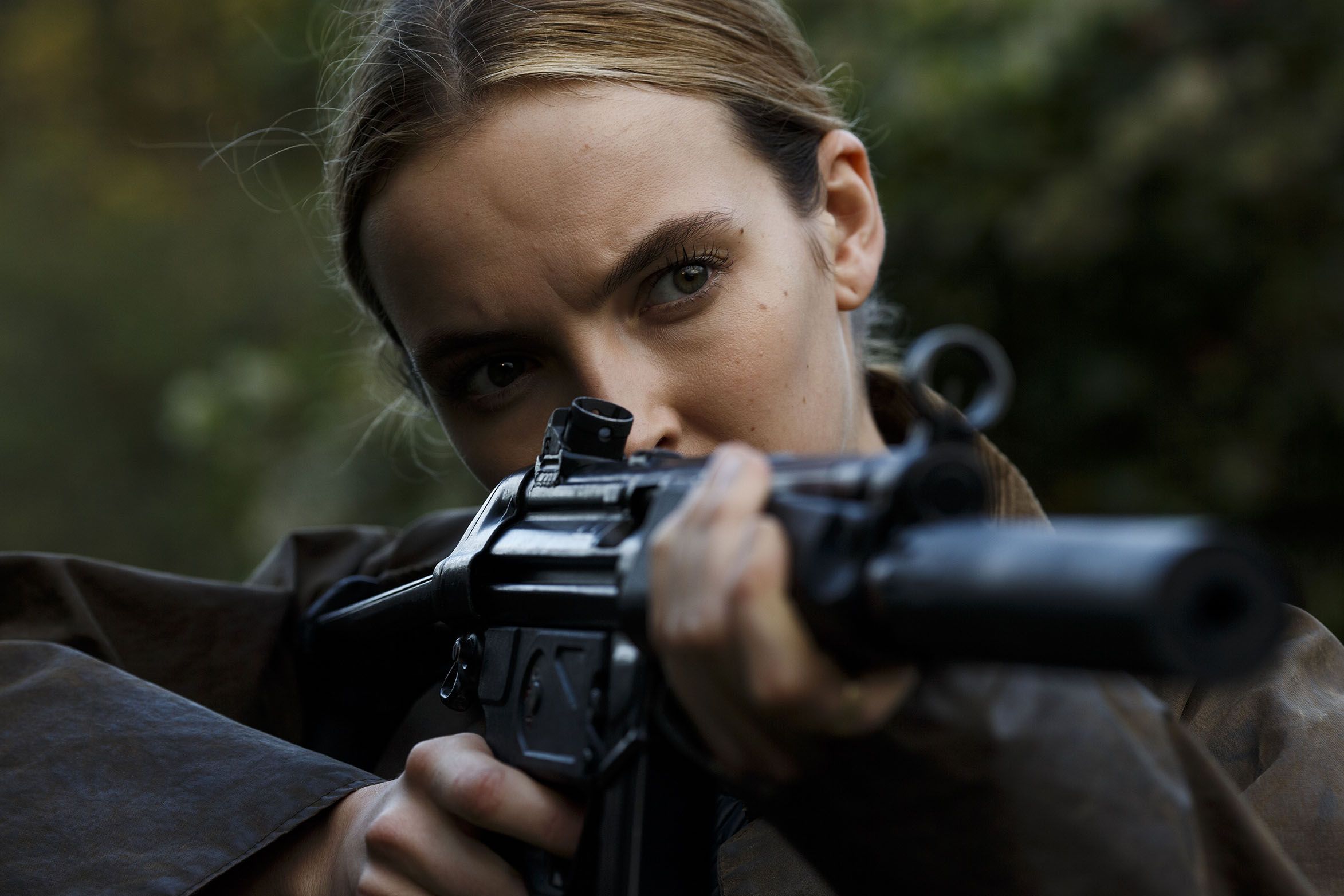The rise of the antiheroine: why women are finally allowed to be unlikeable’ on-screen The rise of the antiheroine: why women are finally allowed to be unlikeable’ on-screen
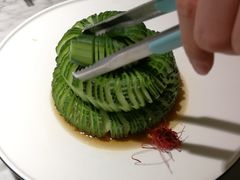 蓑衣黄瓜-城南往事(滨江世茂店)
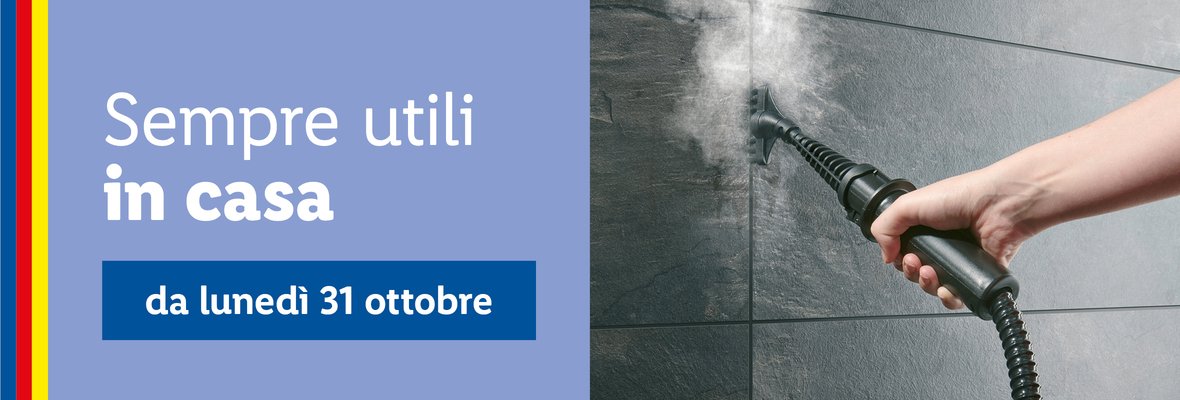 Vivere la tua casa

(Task to complete) Print the material in full and exactly, minus the pictures.

(Task result)
The rise of the antiheroine: why women are finally allowed to be unlikeable’ on-screen The rise of the antiheroine: why women are finally allowed to be unlikeable’ on-screen
 蓑衣黄瓜-城南往事(滨江世茂店)
 Vivere la tua casa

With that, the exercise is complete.